El ballet, curiosamente, ofrece otro ejemplo de las grandes distorsiones argentinas. Cuando Julio Bocca propuso, alguna vez, cambiar el régimen del Colón para privilegiar la competitividad y la excelencia, le dijeron que no. No se podía ir en contra de la estabilidad y la burocracia. No se podía discutir la normativa que asimila al artista con el empleado público. Pero en otro lugar le dijeron que sí. Fue en el Uruguay de Pepe Mujica, donde el “progresismo” se entiende de otra forma. Bajo la dirección de Julio Bocca, el ballet oficial del Uruguay recuperó brillo y calidad. Se convirtió en un orgullo nacional, a la par de su selección de fútbol. Mujica entendió que el Estado no debía ser enemigo de la calidad, sino que debía promoverla. Y en ese ballet uruguayo, del primero al último de los bailarines debían ganarse su lugar a fuerza de talento y sacrificio, no con trabajo asegurado, sino con contratos revisables en función de los resultados. Tal vez Paloma Herrera y Julio Bocca nos ofrezcan, sin querer, la oportunidad de dar un debate de fondo sobre la Argentina. Y nos muestren, en espejos invertidos, distintas maneras de concebir “la cosa pública”.

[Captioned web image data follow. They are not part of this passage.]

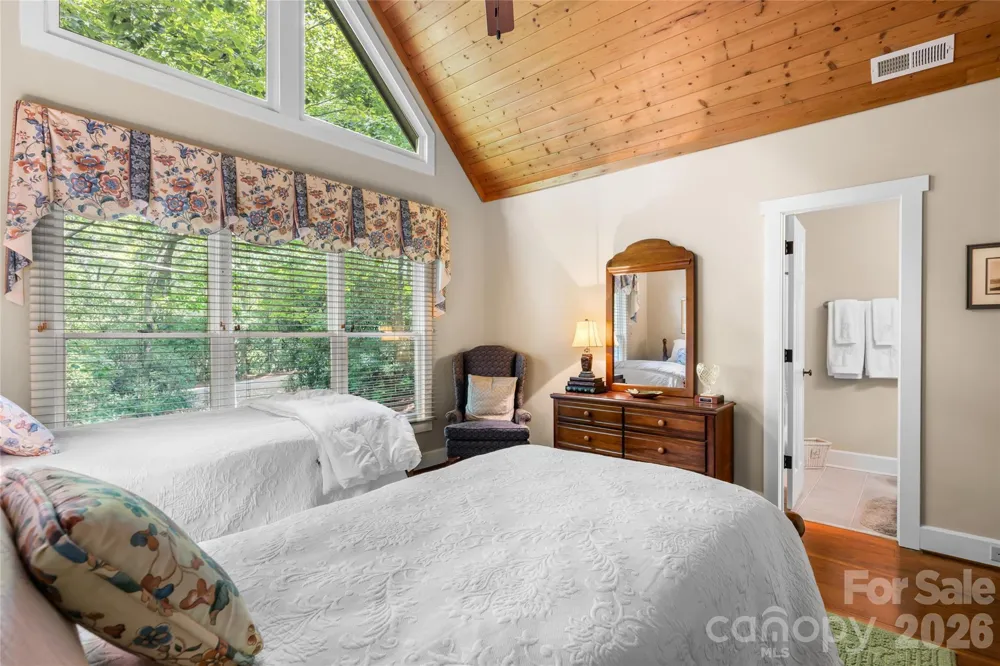 575 Seminole Way Lake Toxaway, NC 28747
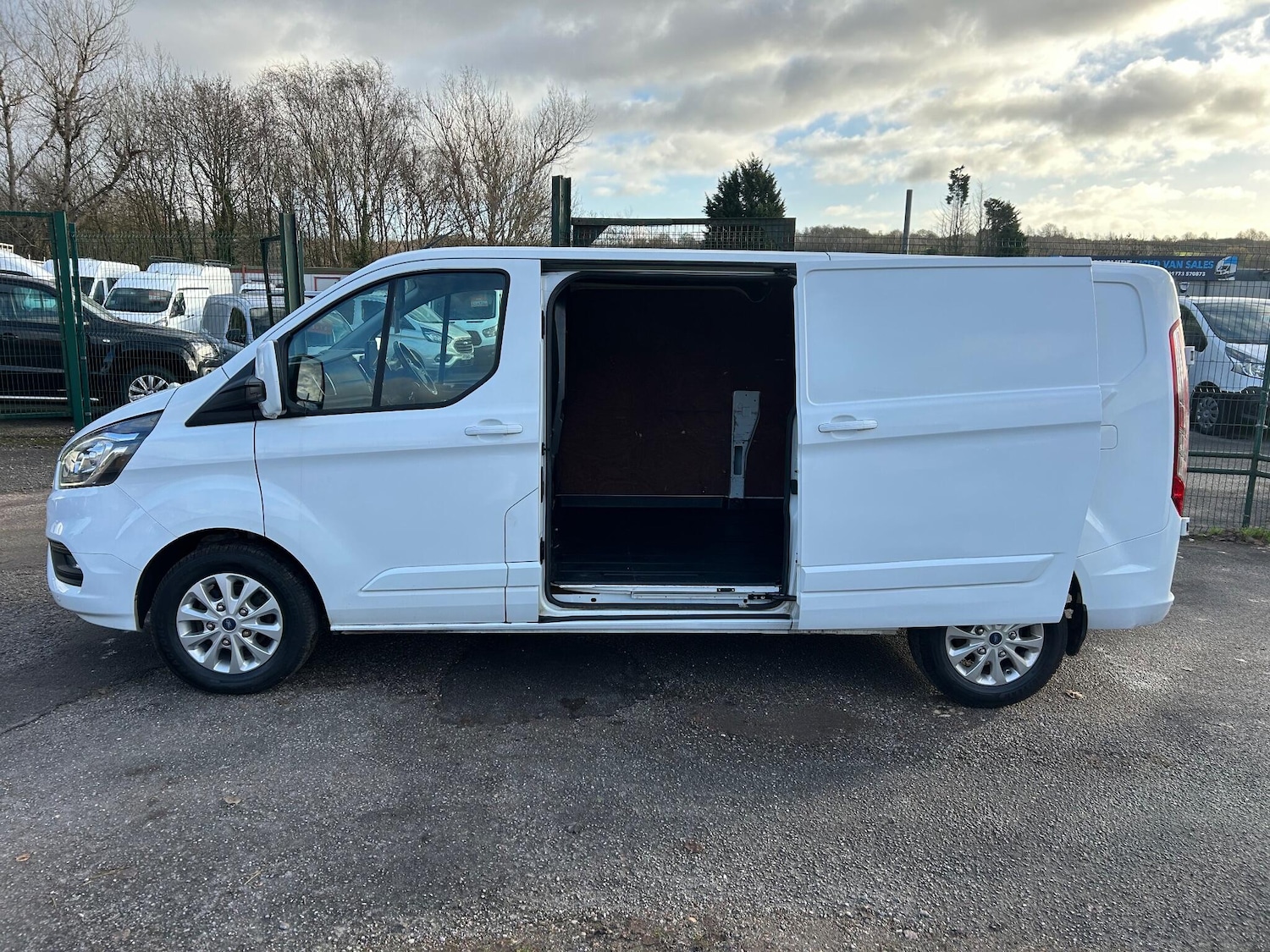 Used Ford Transit Custom 2021 for sale - 76899352: Photo 9
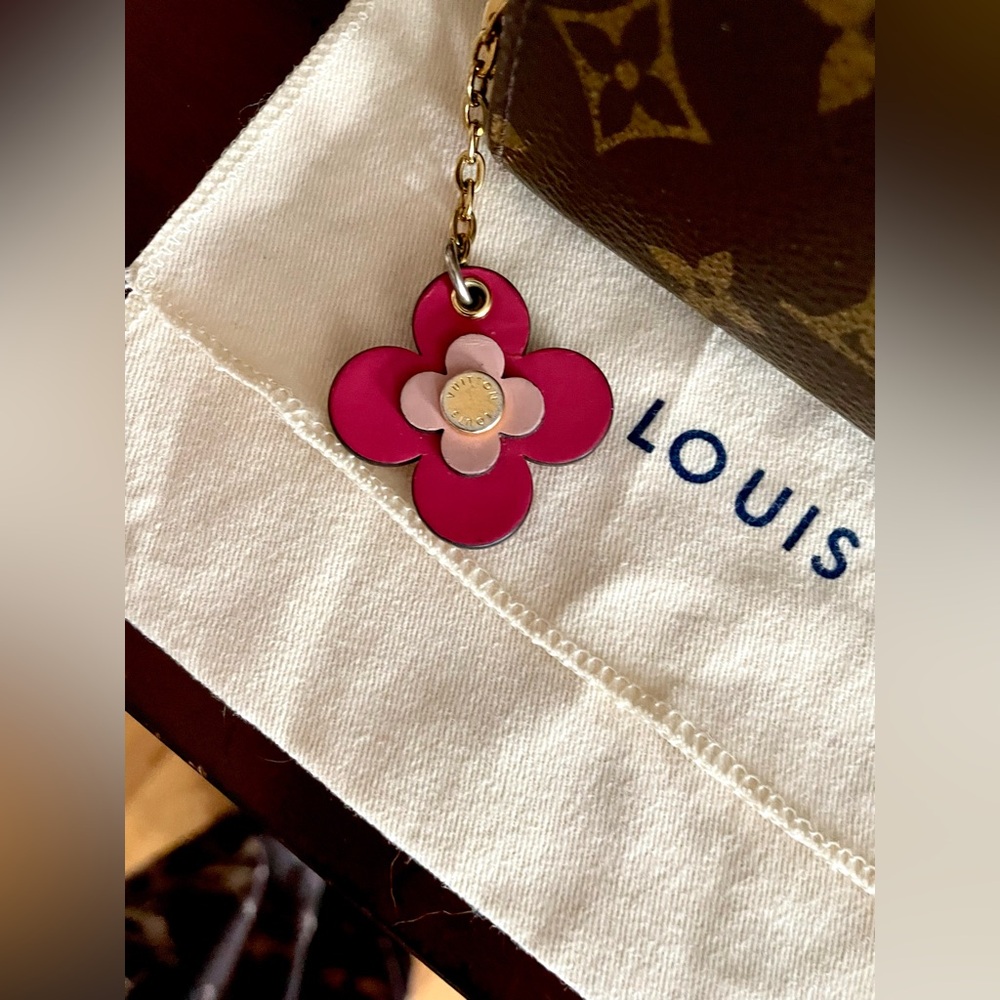 Louis Vuitton Clemence wallet blooming flowers Fuchsia 
EXCELLENT CONDITION - Picture 3 of 16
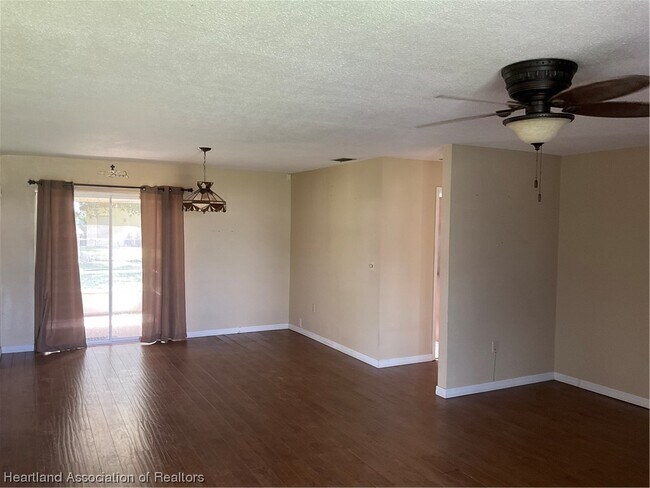 Building Photo - 106 Karola Dr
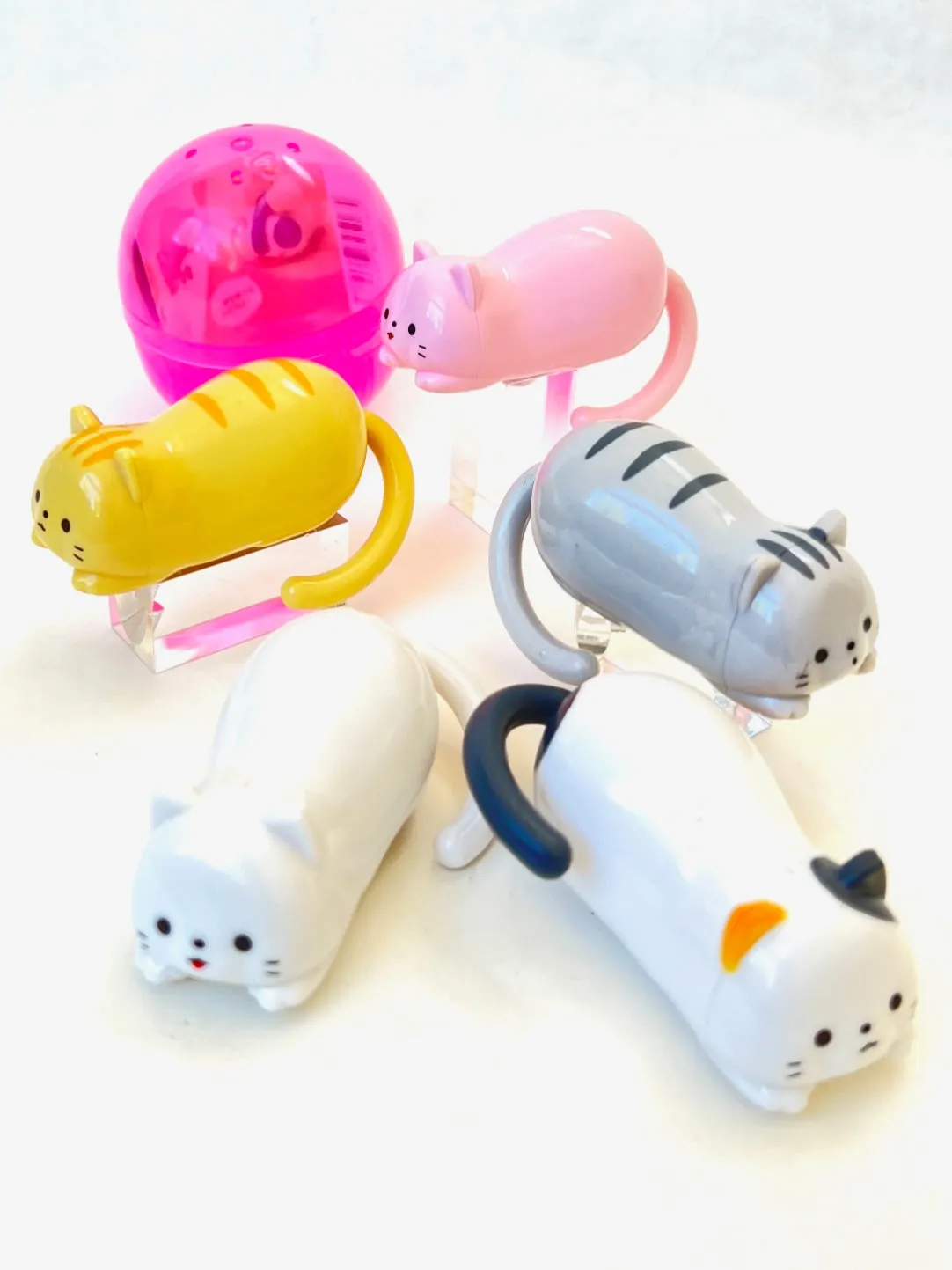 X 70935 CRO CRO CAT Figurines Capsule-DISCONTINUED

Quizá sea oportuno preguntarnos por qué Julio Bocca se fue a dirigir y a vivir al Uruguay. No sería una pregunta sobre él, sino sobre nosotros mismos. Somos un país que expulsa a sus talentos, que ningunea a los mejores y que pierde su mayor capital: el de los hombres y mujeres que podrían marcar la diferencia. El Colón, alguna vez, le dijo que no a Julio Bocca. Pero no fue una decisión aislada. ¿Cuántos funcionarios, cuántas universidades, cuántas academias lo consultan? ¿En qué estamentos del país se aprovechan la experiencia, la genialidad y la sensibilidad de uno de los artistas más grandes que ha dado la Argentina en el siglo XX? ¿Cuántas escuelas y facultades lo convocan para inspirar a los más jóvenes en la cultura del esfuerzo, la creatividad y la excelencia? Otra vez: no hablamos de ballet ni del Colón; hablamos de un profundo problema cultural que ha carcomido los cimientos de la Argentina.
Los que intentan discutir esa mentalidad suelen pagarlo con una suerte de exilio (real o simbólico) forzado por la indiferencia. Muchos actores de la cultura, que deberían representar el inconformismo, la diversidad y la vanguardia, hoy parecen anestesiados por el ideologismo dominante. Hay una suerte de “intelectualidad estatizada” que se siente cómoda con el silencio, la ausencia de debates y una inercia conservadora que avala el deterioro.
Tal vez debamos interpretar la renuncia que sacudió hace unos días al Colón como un síntoma de algo más complejo, en lo que se juega el futuro del país. Aunque parezca una noticia de espectáculos, es un llamado de atención sobre la concepción de un Estado que necesita cada vez más para ofrecer cada vez menos; que suma empleados y expulsa talentos; al que le sobran eslóganes y le falta prestigio. Es, en definitiva, un indicador de los problemas estructurales de la Argentina. Alguna vez tendremos que discutir estos temas en profundidad, si de verdad queremos recuperar ese país que sentía orgullo de sí mismo. Los nombres propios a veces simbolizan modelos contrapuestos: ¿queremos la Argentina de Paloma Herrera y Julio Bocca o la de Baradel y D’Elía? De esa elección dependerá el futuro.